WHAT NEEDS TO BE DONE:
Nothing but the lines below from the one with "simple image of" through the one with "Two salmon fillets" should be output, each exactly as given, and no pictures.

MATERIAL TO PROCESS:
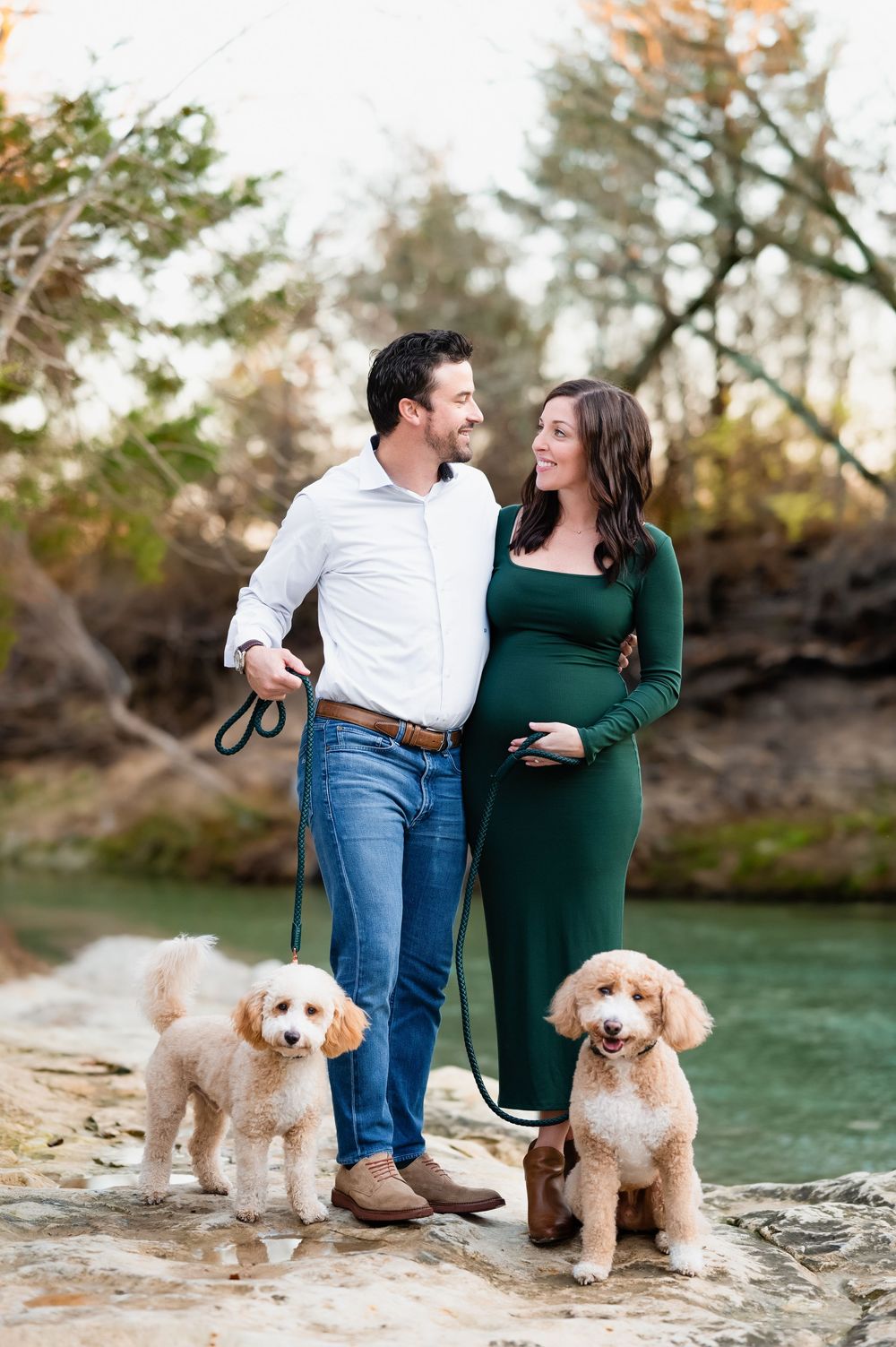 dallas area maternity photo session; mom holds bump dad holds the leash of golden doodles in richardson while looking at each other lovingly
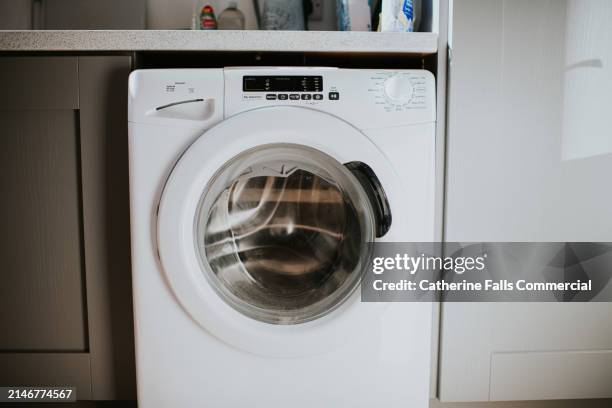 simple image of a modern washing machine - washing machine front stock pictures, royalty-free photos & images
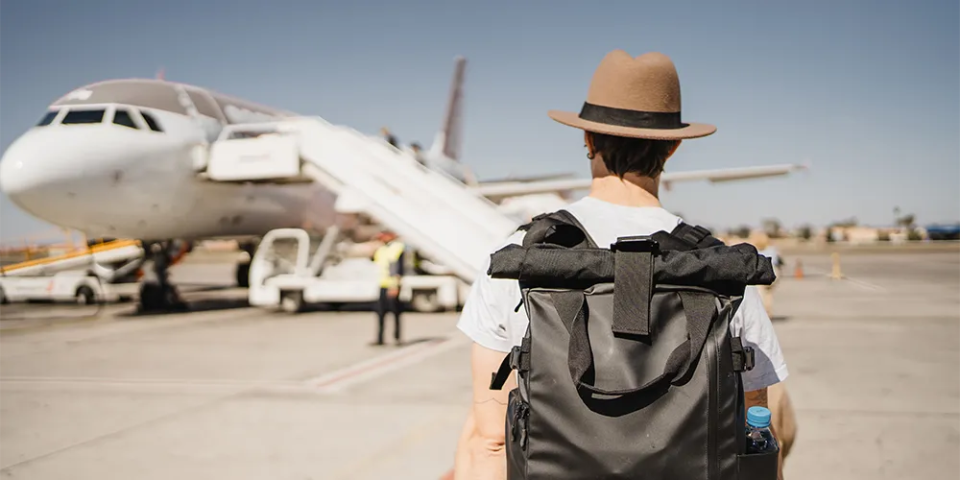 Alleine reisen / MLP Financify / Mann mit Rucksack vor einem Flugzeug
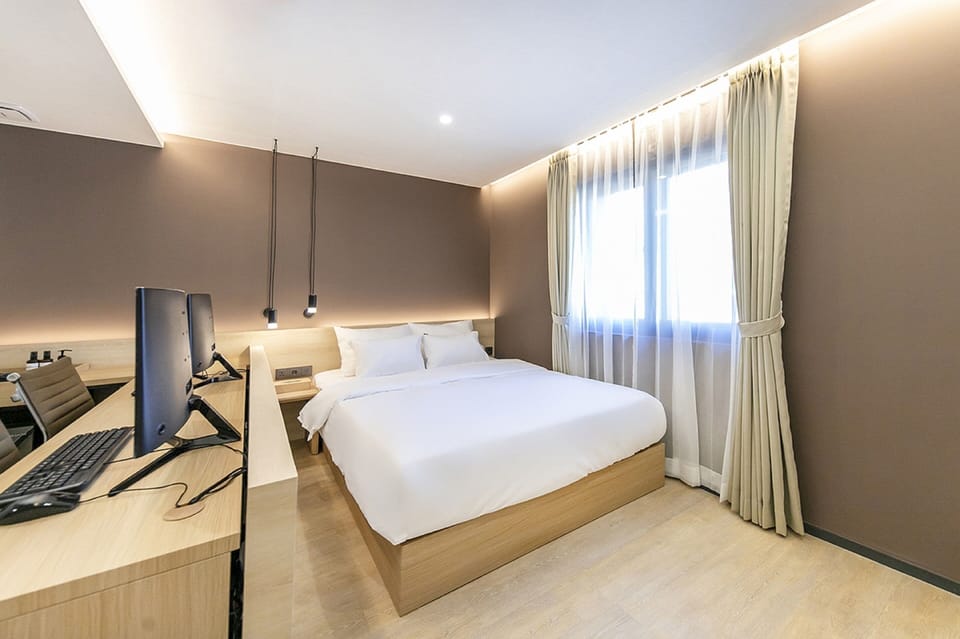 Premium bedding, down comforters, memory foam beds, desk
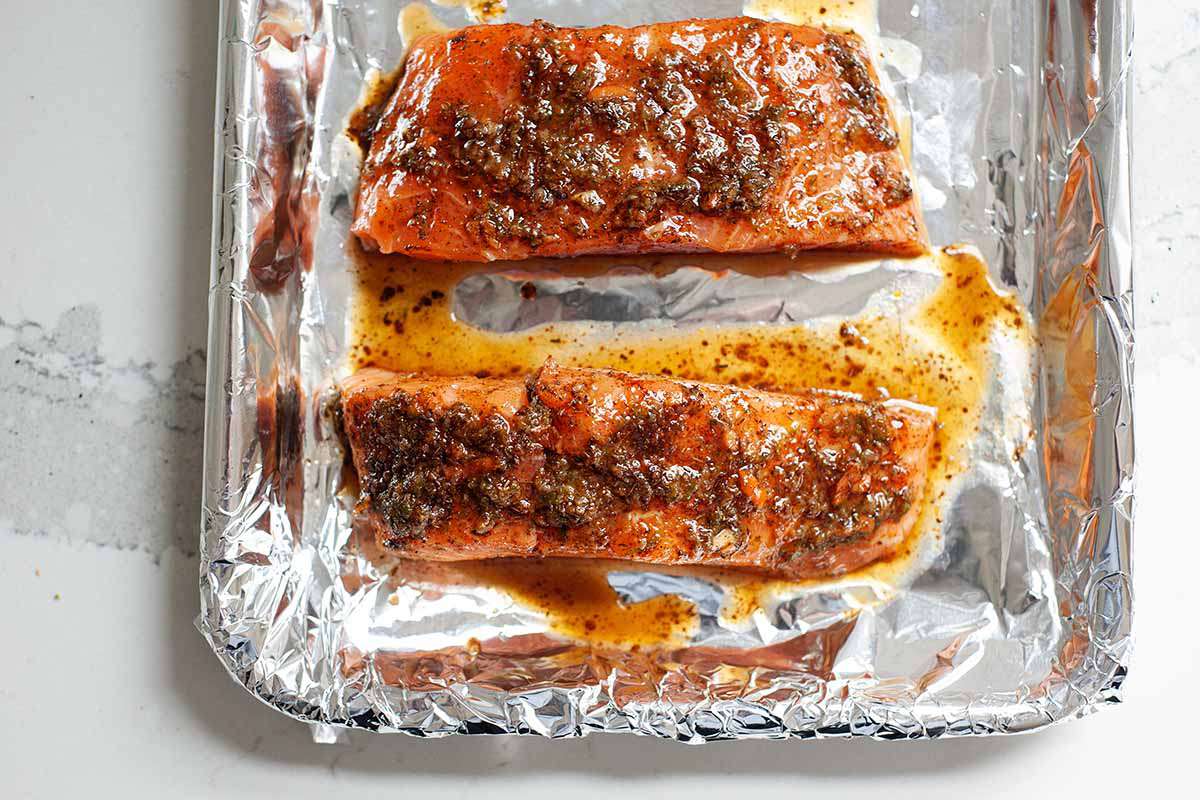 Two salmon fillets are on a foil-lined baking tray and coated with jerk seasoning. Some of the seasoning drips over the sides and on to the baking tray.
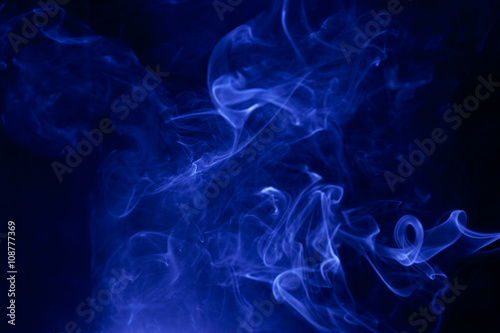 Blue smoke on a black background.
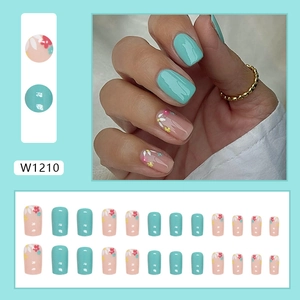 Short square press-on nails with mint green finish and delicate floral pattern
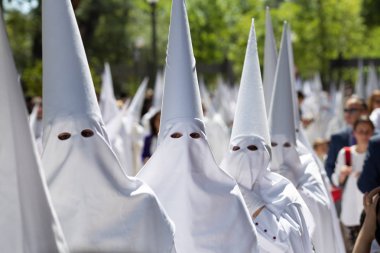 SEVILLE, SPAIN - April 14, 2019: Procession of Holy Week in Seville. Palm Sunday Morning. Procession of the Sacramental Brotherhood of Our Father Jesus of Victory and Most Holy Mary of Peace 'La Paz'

---

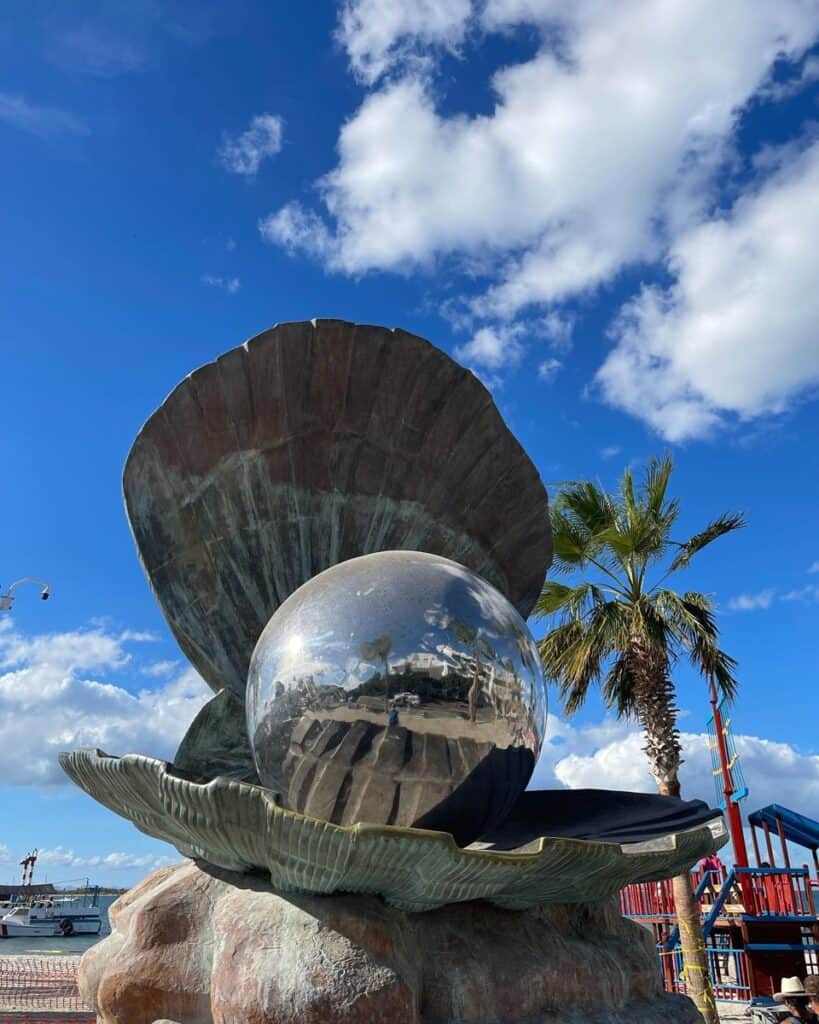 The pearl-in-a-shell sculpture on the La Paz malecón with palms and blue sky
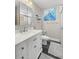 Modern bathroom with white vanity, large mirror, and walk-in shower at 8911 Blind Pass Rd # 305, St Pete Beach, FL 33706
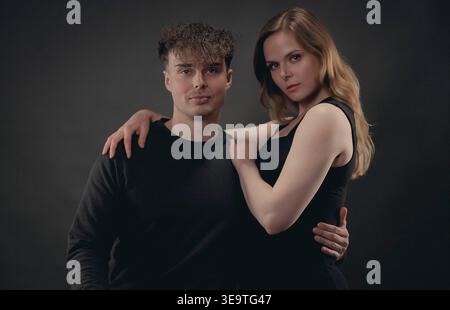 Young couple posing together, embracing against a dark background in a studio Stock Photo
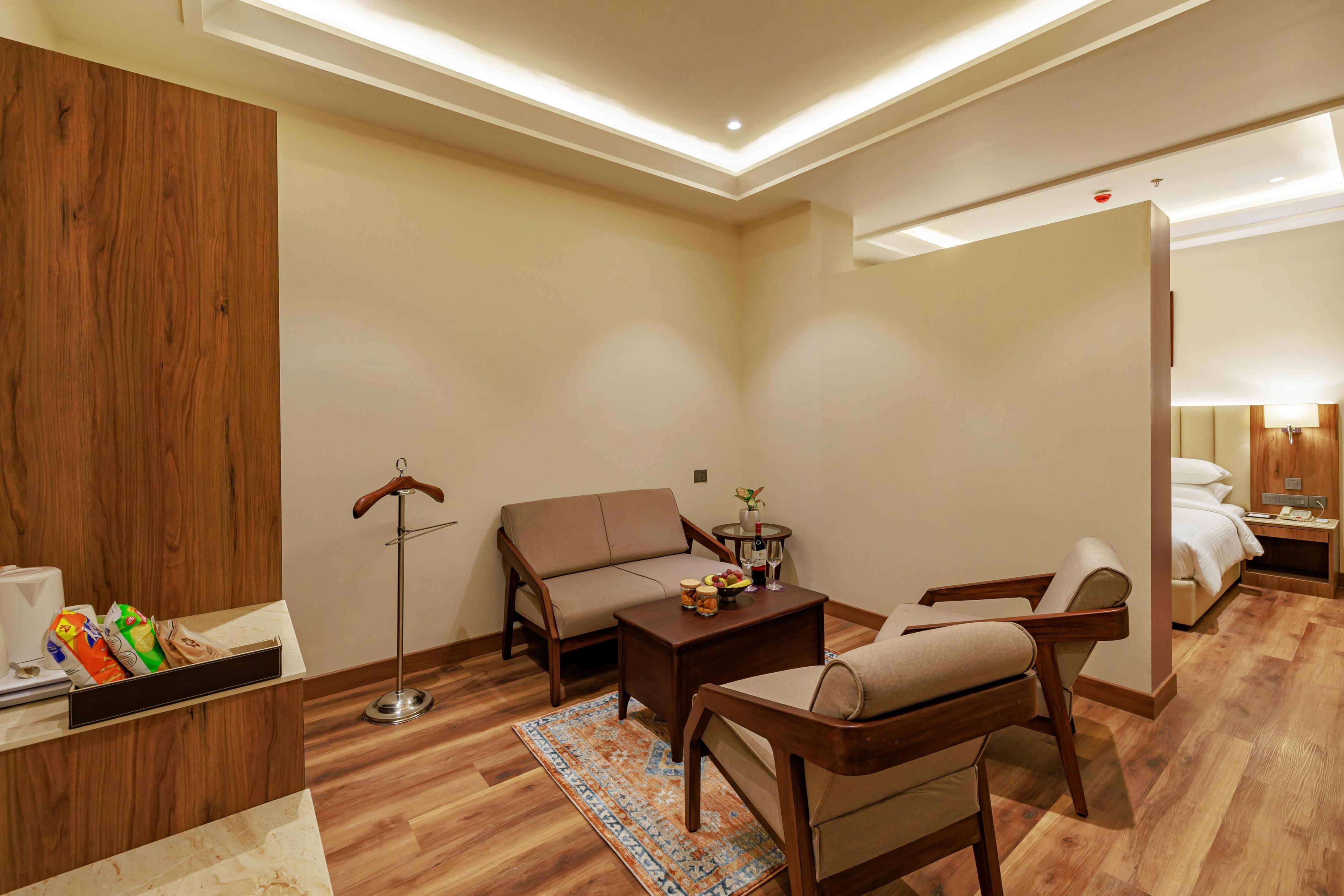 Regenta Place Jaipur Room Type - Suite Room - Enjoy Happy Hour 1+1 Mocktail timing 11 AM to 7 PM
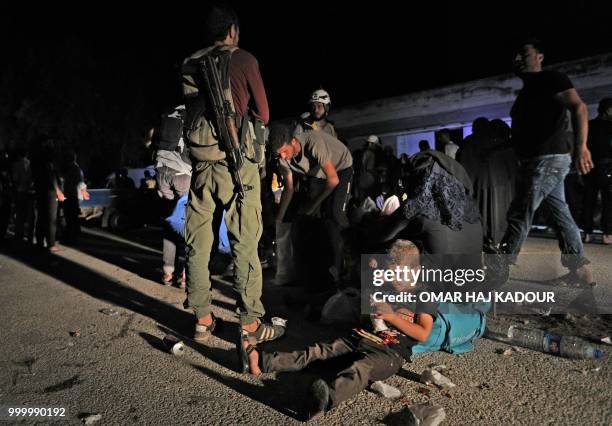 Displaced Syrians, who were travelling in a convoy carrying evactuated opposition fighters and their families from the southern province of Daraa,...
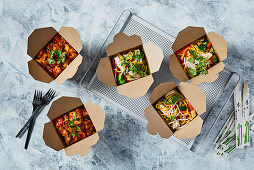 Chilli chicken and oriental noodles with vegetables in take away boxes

ANSWER BELOW:
 simple image of a modern washing machine - washing machine front stock pictures, royalty-free photos & images
 Alleine reisen / MLP Financify / Mann mit Rucksack vor einem Flugzeug
 Premium bedding, down comforters, memory foam beds, desk
 Two salmon fillets are on a foil-lined baking tray and coated with jerk seasoning. Some of the seasoning drips over the sides and on to the baking tray.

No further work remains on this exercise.